Ontologi berguna bagi studi ilmu-ilmu empiris (misalnya antropologi, sosiologi, ilmu kedokteran, antropologi, sosiologi, ilmu kedokteran, ilmu budaya, fisika, ilmu teknik, dan sebagainya).
2.        Epistemologi
Epistemologi (dari bahasa Yunani episteme (pengetahuan) dan logos (kata/pembicaraan/ilmu) adalah cabang filsafat yang berkaitan dengan asal, sifat, karakter, dan jenis pengetahuan. Epistemologi mempelajari tentang apa itu pengetahuan, bagaimana karakteristiknya, macamnya, serta hubungannya dengan kebenaran dan keyakinan.

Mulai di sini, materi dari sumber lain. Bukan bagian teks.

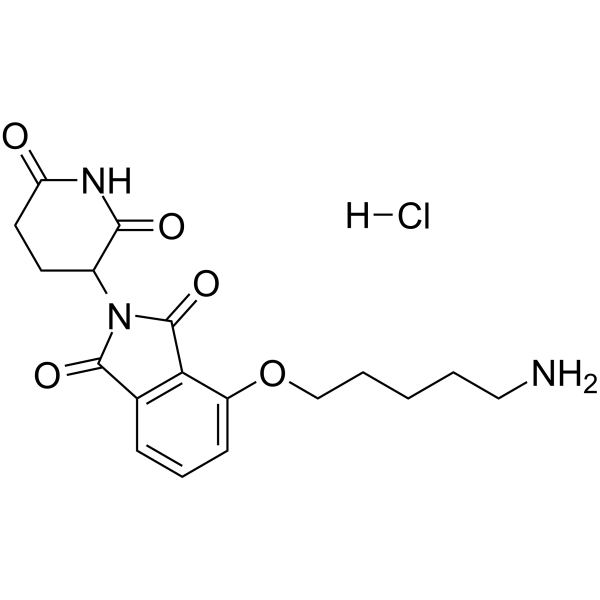 Thalidomide-O-C5-NH2 hydrochloride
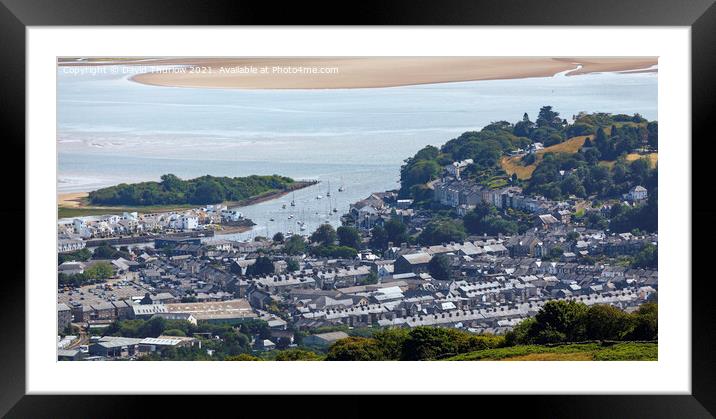 Porthmadog Harbour and Town Framed Mounted Print by David Thurlow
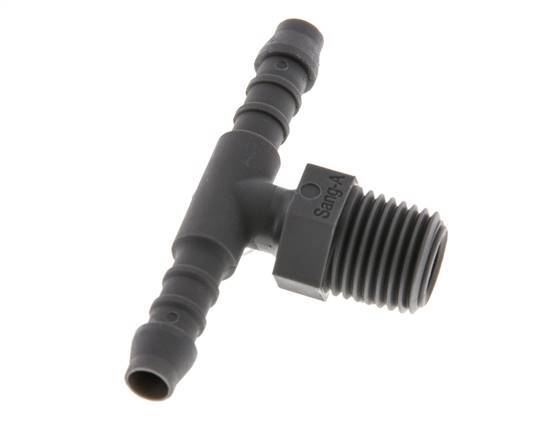 Boquilla de manguera de 6 mm (1/4'') y R1/4'' PA 6 con rosca macho [10 piezas]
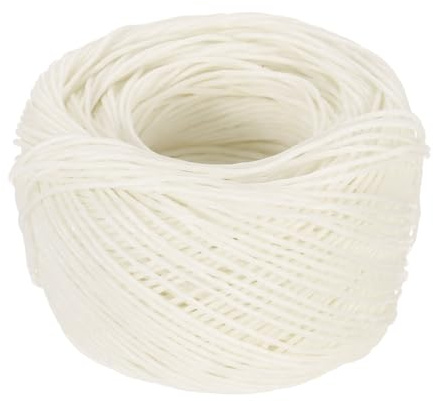 PATIKIL 200ft Stoppino Cera D'api, 80mm Stoppini Ben Rivestiti con Cera D'api Naturale per Accendere Candele, Bianco 1.2mm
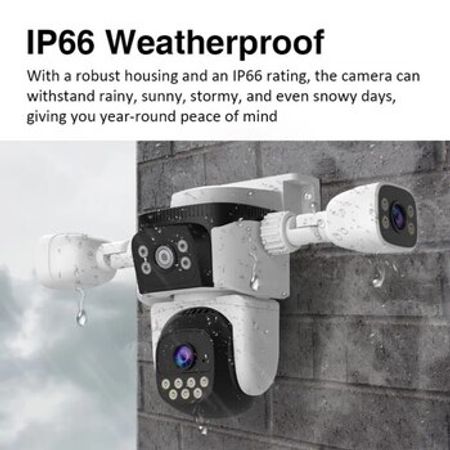 Wi-Fi PTZ kamera 360°FHD 12MP/4K+64GB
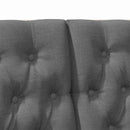 vidaXL Kárpitozott fejtámla Sötétszürke 120 cm Tömör fenyőfa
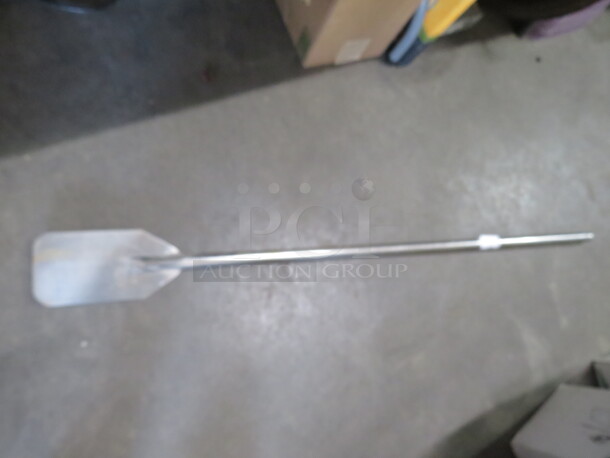 One 48 Inch Stainless Steel Paddle.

Menurut Donny Gahral, epistemologi adalah cabang filsafat yang mengkaji hakikat pengetahuan, khususnya 4 pokok persoalan pengetahuan, seperti keabsahan, struktur, batas, dan sumber. Pengetahuan yang dikaji dalam epistemologi adalah pengetahuan dalam arti seluas-luasnya, termasuk pengetahuan dalam kehidupan sehari-hari. Epistemologi juga merupakan dasar dari filsafat ilmu pengetahuan dalam membagi pengetahuan menjadi pengetahuan ilmiah, dan pengetahuan sehari-hari, serta menentukan cara kerja yang tepat untuk memperoleh pengetahuan ilmiah.

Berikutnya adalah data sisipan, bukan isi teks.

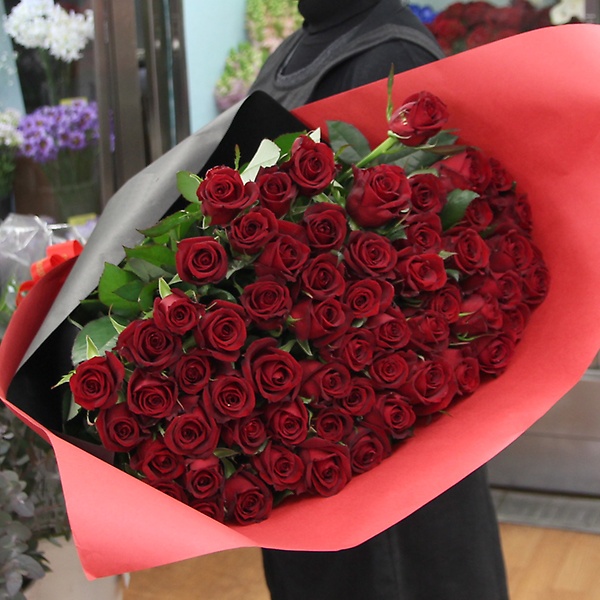 赤バラ60本の花束 フローラント イーフローラ フラワーギフトや花の宅配 送料無料も多数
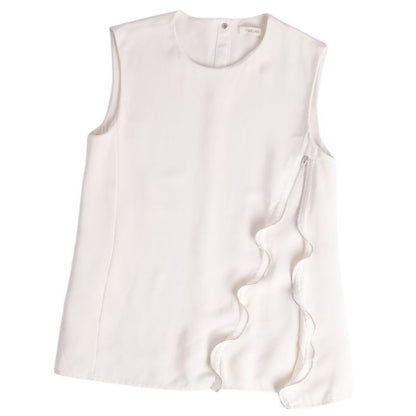 Celine Shirt Phoebe Period Blouse Sleeveless Sil
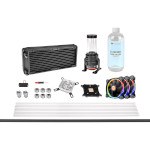 Комплект для самостоятельной сборки СВО THERMALTAKE Pacific M240 D5 Hard Tube Water Cooling Kit (CL-W216-CU00SW-A)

Epistemologi membahas tentang pengetahuan yang akan didapat manusia sesuai dengan kebutuhannya. Pengetahuan tersebut diperoleh manusia melalui akal dan panca indera dengan berbagai metode, diantaranya metode induktif, metode deduktif, metode positivisme, metode kontemplatis, dan metode dialektis. Berdasarkan epistemologi, manusia akan mencari tahu tentang apa saja batas-batas pengetahuan, bagaimana struktur pengetahuan, bagaimana keabsahannya, dan dari mana sumbernya. Pada dasarnya, manusia selalu ingin tahu tentang sesuatu dan ia akan mencari tahunya , sehingga dengan demikian pengetahuannya akan bertambah.
3.        Aksiologi
Aksiologi berasal dari kata axios yakni dari bahasa Yunani yang berarti nilai dan logos yang berarti teori. Dengan demikian, aksiologi adalah “teori tentang nilai” (Amsal Bakhtiar, 2004: 162). Menurut John Sinclair, dalam lingkup kajian filsafat, nilai merujuk pada pemikiran atau suatu sistem seperti politik, sosial, dan agama. Sistem mempunyai rancangan bagaimana tatanan, rancangan, dan aturan sebagai satu bentuk pengendalian terhadap satu institusi dapat terwujud.
Aksiologi mengkaji tentang norma dan nilai dalam kehidupan manusia, berkaitan dengan “yang baik” dan “yang buruk”, juga tentang ukuran norma atau nilai apa saja yang mendasarinya.
Nilai merupakan sesuatu yang baik, diinginkan, dan dicita-citakan. Sedangkan norma adalah pedoman dan aturan berperilaku dengan sanksi-sanksi yang dapat menuntut seseorang, kelompok, dan masyarakat untuk mencapai dan mewujudkan suatu nilai. Nilai-nilai dalam hidup manusia memiliki beberapa fungsi, diantaranya adalah:
a.         Nilai berfungsi sebagai petunjuk arah
b.        Nilai berfungsi sebagai benteng perlindungan
c.         Nilai berfungsi sebagai motivator

Menurut penjelasan di atas, maka dapat dipahami bahwa tema besar dalam ilmu filsafat, meliputi ontologi, epistemologi, dan aksiologi. Ontologi membahas tentang keberadaan  sesuatu yang konkret dan nyata, epistemologi membahas tentang pengetahuan yang dimiliki manusia berdasarkan kebutuhannya, dan aksiologi membahas tentang nilai dan norma, tentang yang baik dan yang buruk yang ada dalam kehidupan sehari-hari.